## <font color='green'> Regression (Dense)<font>

### <font color='green'> 1. Description<font>

Relative location of CT slices on axial axis data set using 53500 CT images from 74 different patients (43 male, 31 female).
Dataset can be downloaded from https://archive.ics.uci.edu/ml/machine-learning-databases/00206/slice_localization_data.zip

Each CT slice is described by two histograms in polar space. The first histogram describes the location of bone structures in the image, the second the location of air inclusions inside of the body.

The class variable (relative location of an image on the axial axis) was constructed by manually annotating up to 10 different distinct landmarks in each CT Volume with known location. The location of slices in between landmarks was interpolated.

### <font color='green'> 2. Data Preprocessing <font>

In [1]:
import os
import time
import numpy as np
import pandas as pd
from collections import OrderedDict

In [2]:
def preprocess_data(fname):
    '''
    For CT slices regression we will perform some data preparation and data cleaning steps.
    '''
    df = pd.read_csv(fname)
    df = df.drop(columns=["patientId"])
    x = df.iloc[:,:-1]
    y = df.iloc[:, -1]
    from sklearn.model_selection import train_test_split
    return train_test_split(x, y, test_size=0.20, random_state=42)

In [3]:
#---- Data Preparation ----
# Please uncomment the below lines to download and unzip the dataset.
#!wget -N https://archive.ics.uci.edu/ml/machine-learning-databases/00206/slice_localization_data.zip
#!unzip -o slice_localization_data.zip
#!mv slice_localization_data.csv datasets

DATA_FILE = "datasets/slice_localization_data.csv"
x_train, x_test, y_train, y_test = preprocess_data(DATA_FILE)
print("shape of train data: {}".format(x_train.shape))
print("shape of test data: {}".format(x_test.shape))
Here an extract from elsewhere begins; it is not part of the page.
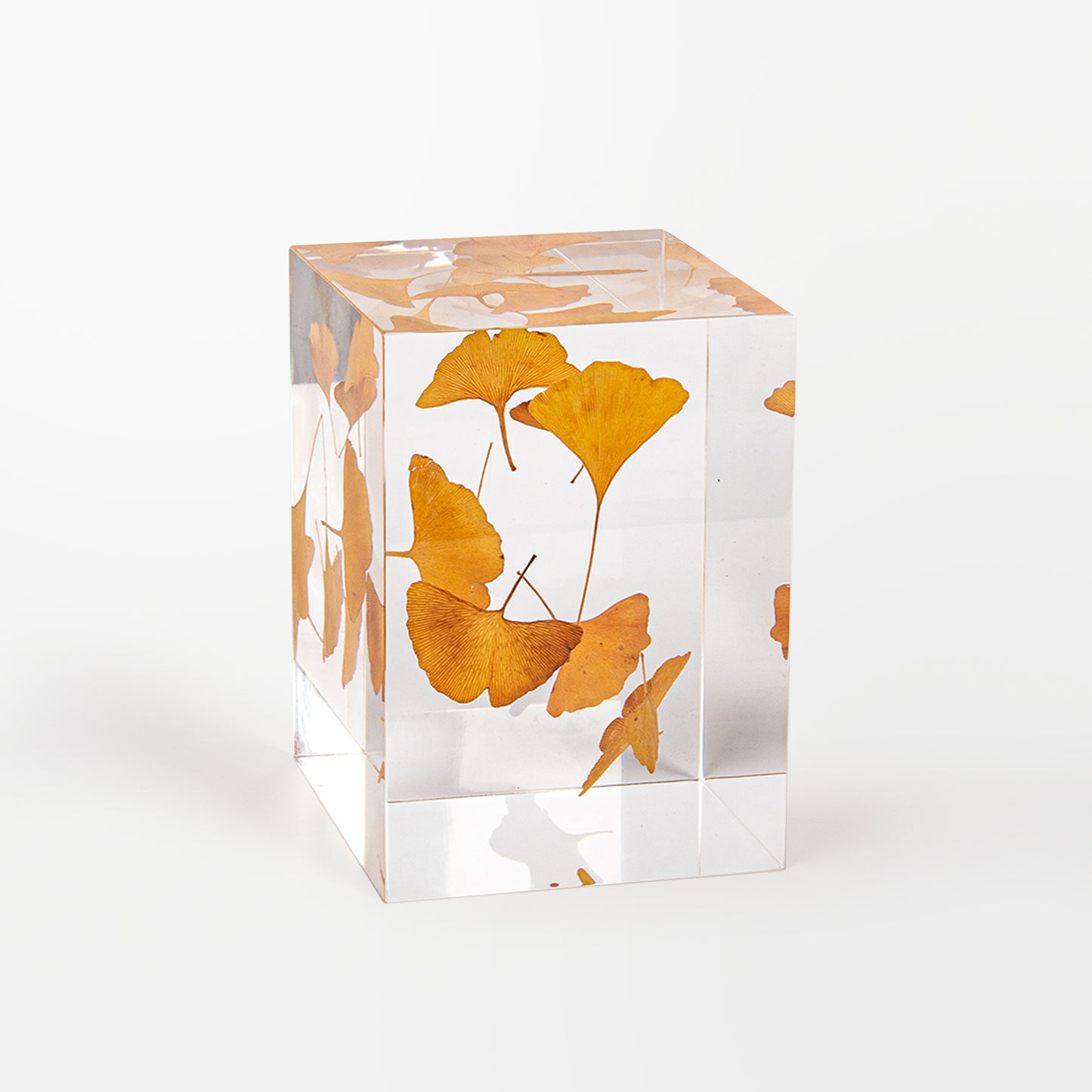 Ginkgo Leaf Object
shape of train data: (42800, 384)
shape of test data: (10700, 384)


### <font color='green'> 3. Algorithm Evaluation <font>

In [4]:
train_time = []
test_time = []
train_score = []
test_score = []
estimator_name = []

In [5]:
def evaluate(estimator, estimator_nm,
             x_train, y_train,
             x_test, y_test):
    '''
    To generate performance report for both frovedis and sklearn estimators
    '''
    estimator_name.append(estimator_nm)

    start_time = time.time()
    estimator.fit(x_train, y_train)
    train_time.append(round(time.time() - start_time, 4))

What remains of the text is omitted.